Extracted records –
--------------------------------------------------

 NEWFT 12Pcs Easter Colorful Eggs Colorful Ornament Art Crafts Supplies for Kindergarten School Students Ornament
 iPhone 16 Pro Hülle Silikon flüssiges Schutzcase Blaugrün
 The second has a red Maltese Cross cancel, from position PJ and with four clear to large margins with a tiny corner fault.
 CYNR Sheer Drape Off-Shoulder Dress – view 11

--------------------------------------------------

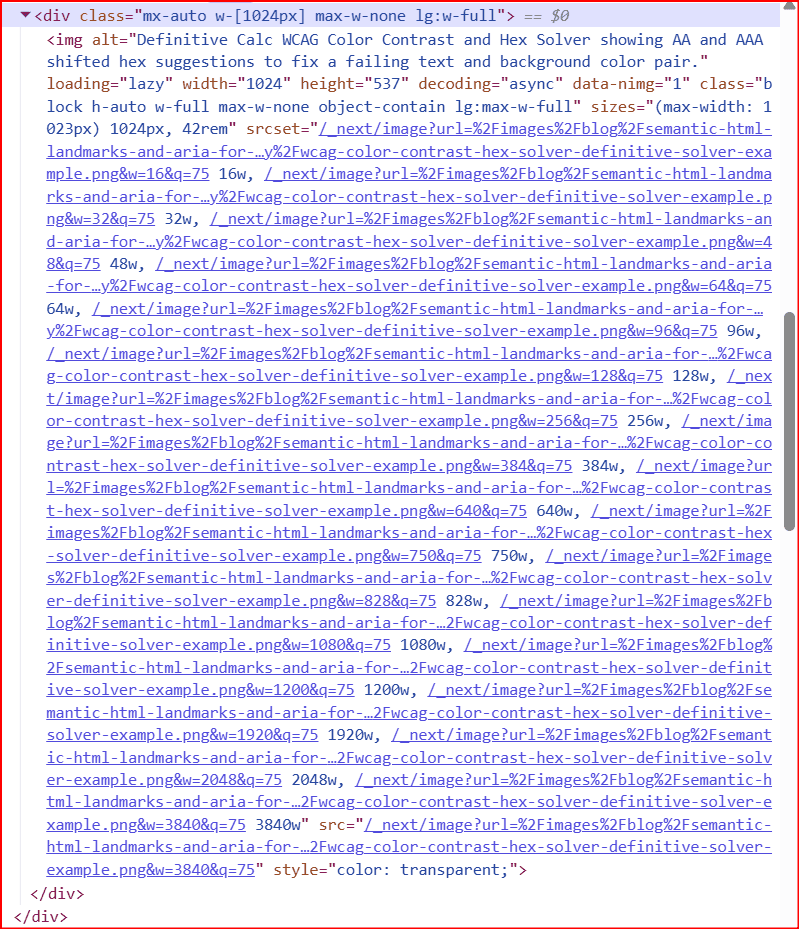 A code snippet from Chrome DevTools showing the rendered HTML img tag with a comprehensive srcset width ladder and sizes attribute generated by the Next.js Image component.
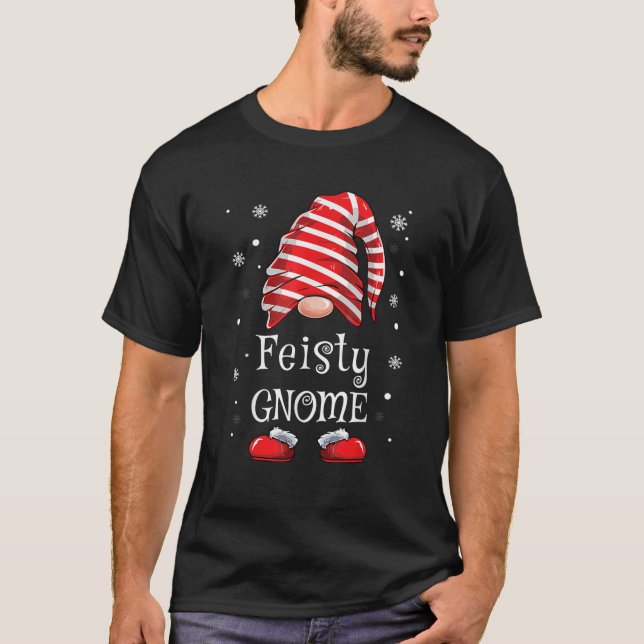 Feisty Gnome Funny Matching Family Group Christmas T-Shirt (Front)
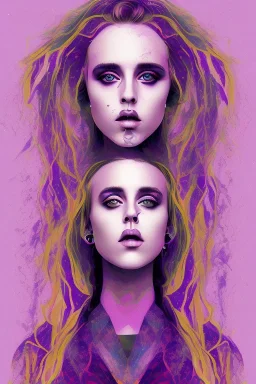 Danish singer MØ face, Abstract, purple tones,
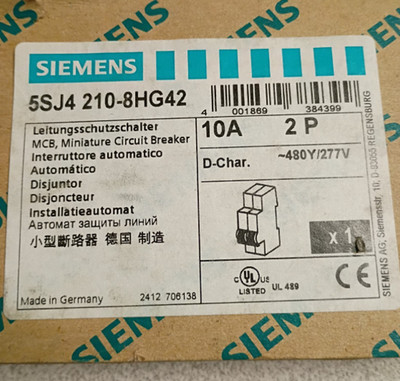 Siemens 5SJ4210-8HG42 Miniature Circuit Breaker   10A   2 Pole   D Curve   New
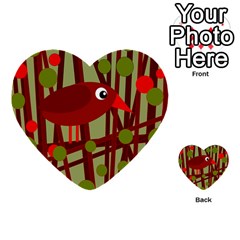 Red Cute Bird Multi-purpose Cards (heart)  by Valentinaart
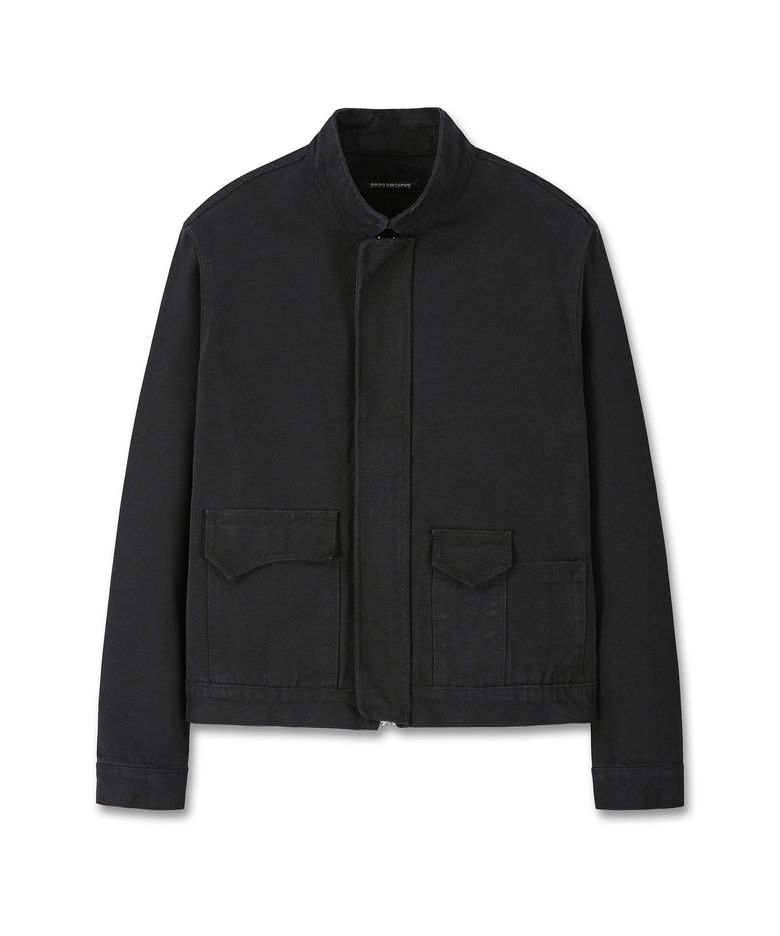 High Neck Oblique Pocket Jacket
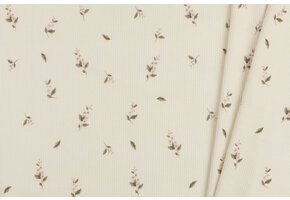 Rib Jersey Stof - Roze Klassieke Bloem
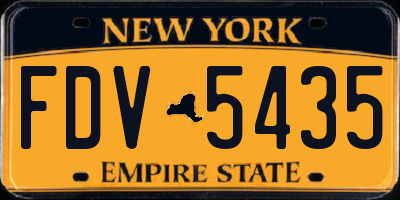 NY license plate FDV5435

--------------------------------------------------

To do – What is needed is an exact copy of the lines above from the one with "High Neck Oblique Pocket Jacket" to the one with "NY license plate FDV5435", both ends kept, and nothing more; please leave the pictures out.

Written response –
 High Neck Oblique Pocket Jacket
 Rib Jersey Stof - Roze Klassieke Bloem
 NY license plate FDV5435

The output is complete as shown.